Work to be completed: The lines below from the one with "Aradi Nóra (szerk.): A" up to and including the one with "Joseph and the" are what you should set down, exactly and without pictures.

Records provided:
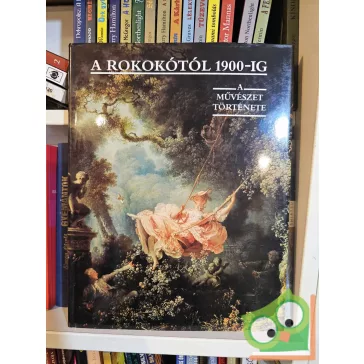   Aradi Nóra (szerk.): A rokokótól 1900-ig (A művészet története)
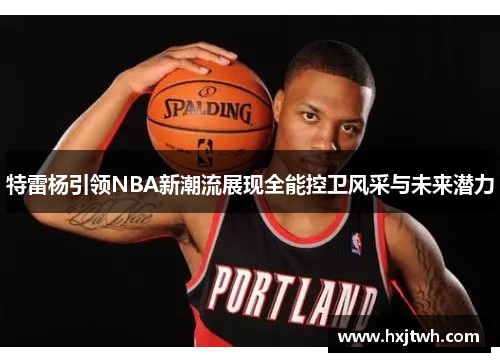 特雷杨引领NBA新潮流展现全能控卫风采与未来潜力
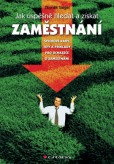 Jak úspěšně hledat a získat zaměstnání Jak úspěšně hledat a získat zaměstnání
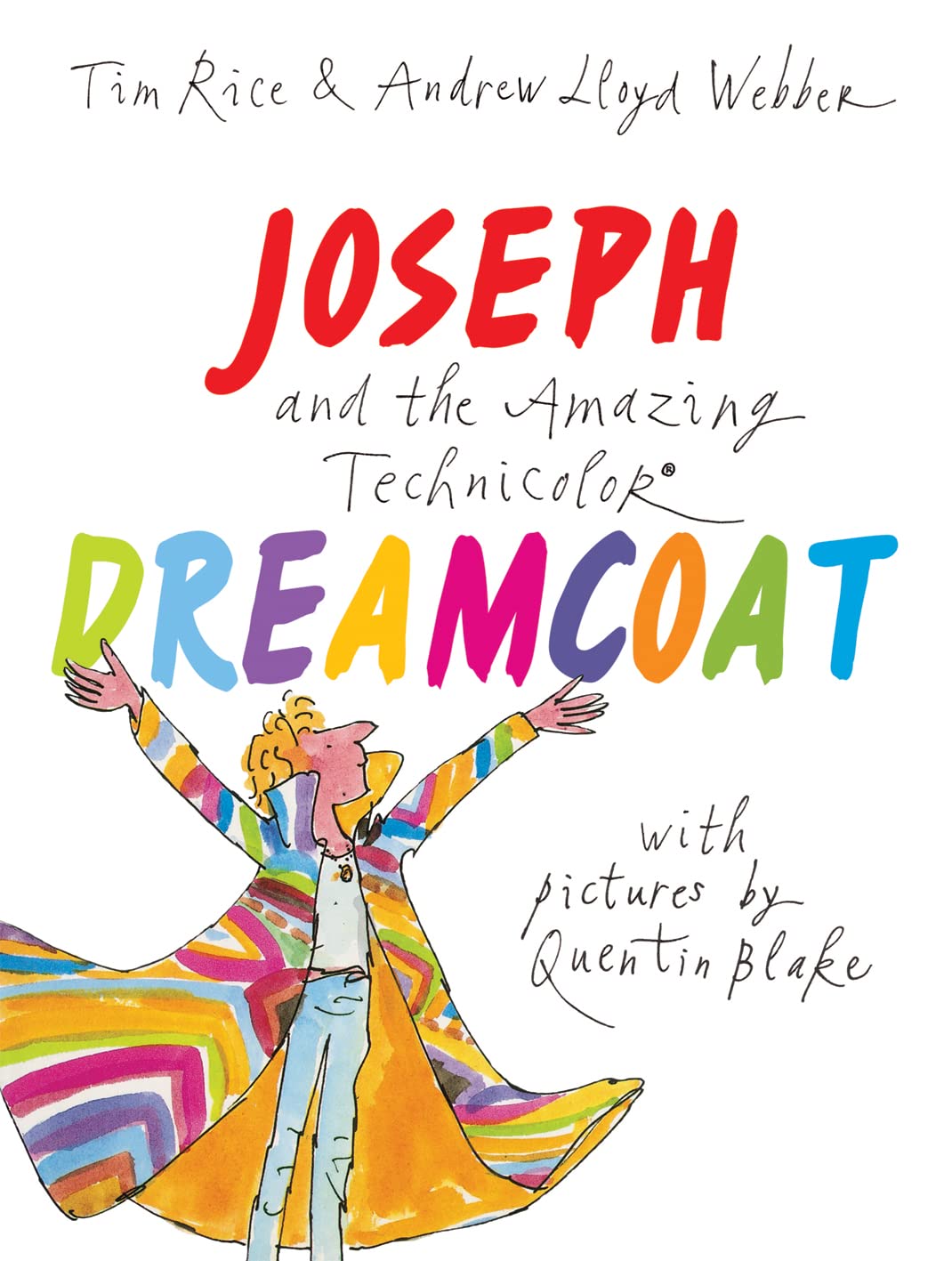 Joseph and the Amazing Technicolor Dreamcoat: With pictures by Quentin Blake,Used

==

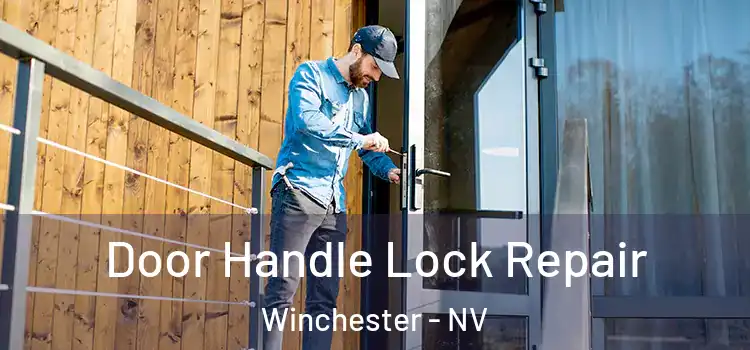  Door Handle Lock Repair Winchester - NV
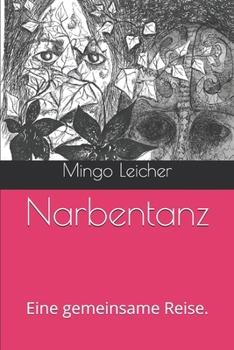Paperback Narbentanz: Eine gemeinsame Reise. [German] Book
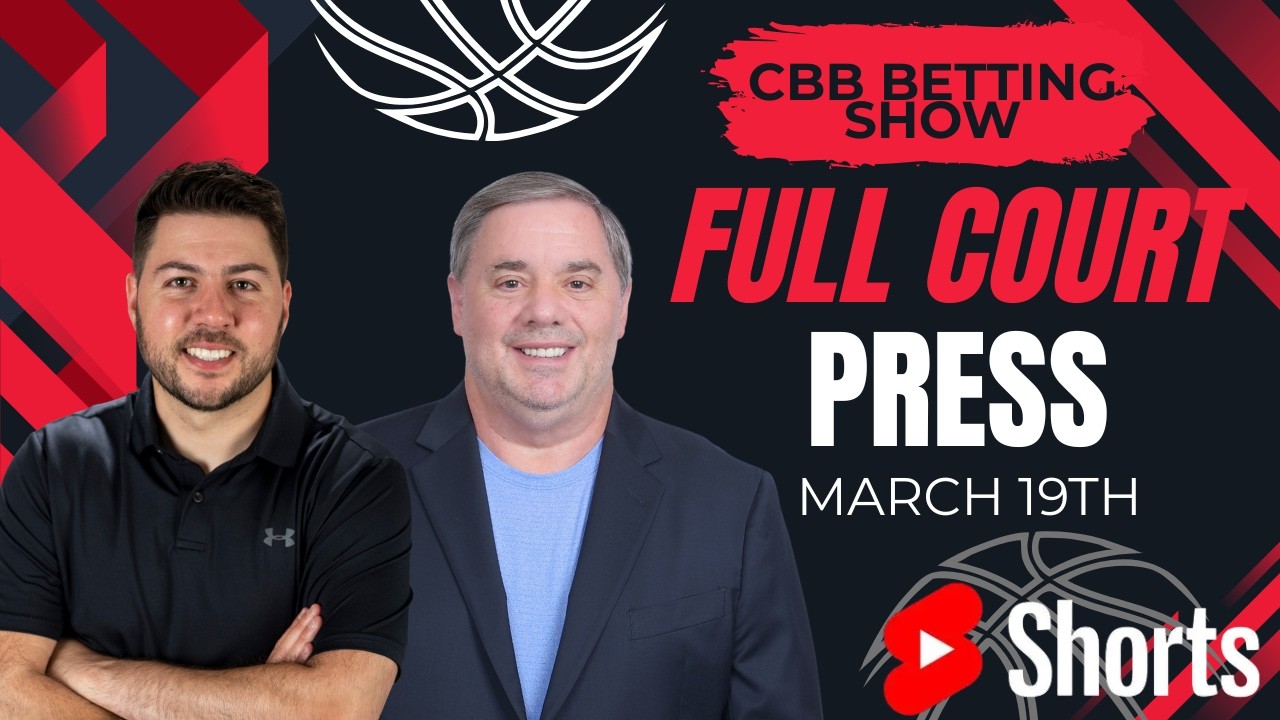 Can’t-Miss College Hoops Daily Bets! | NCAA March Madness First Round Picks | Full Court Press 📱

--

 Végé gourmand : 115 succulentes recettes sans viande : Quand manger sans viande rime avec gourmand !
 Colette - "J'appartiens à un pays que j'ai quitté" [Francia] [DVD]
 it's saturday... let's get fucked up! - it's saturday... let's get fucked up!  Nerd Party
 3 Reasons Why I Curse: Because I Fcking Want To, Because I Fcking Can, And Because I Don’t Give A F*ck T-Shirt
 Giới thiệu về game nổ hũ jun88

Task answer:
   Aradi Nóra (szerk.): A rokokótól 1900-ig (A művészet története)
 特雷杨引领NBA新潮流展现全能控卫风采与未来潜力
 Jak úspěšně hledat a získat zaměstnání Jak úspěšně hledat a získat zaměstnání
 Joseph and the Amazing Technicolor Dreamcoat: With pictures by Quentin Blake,Used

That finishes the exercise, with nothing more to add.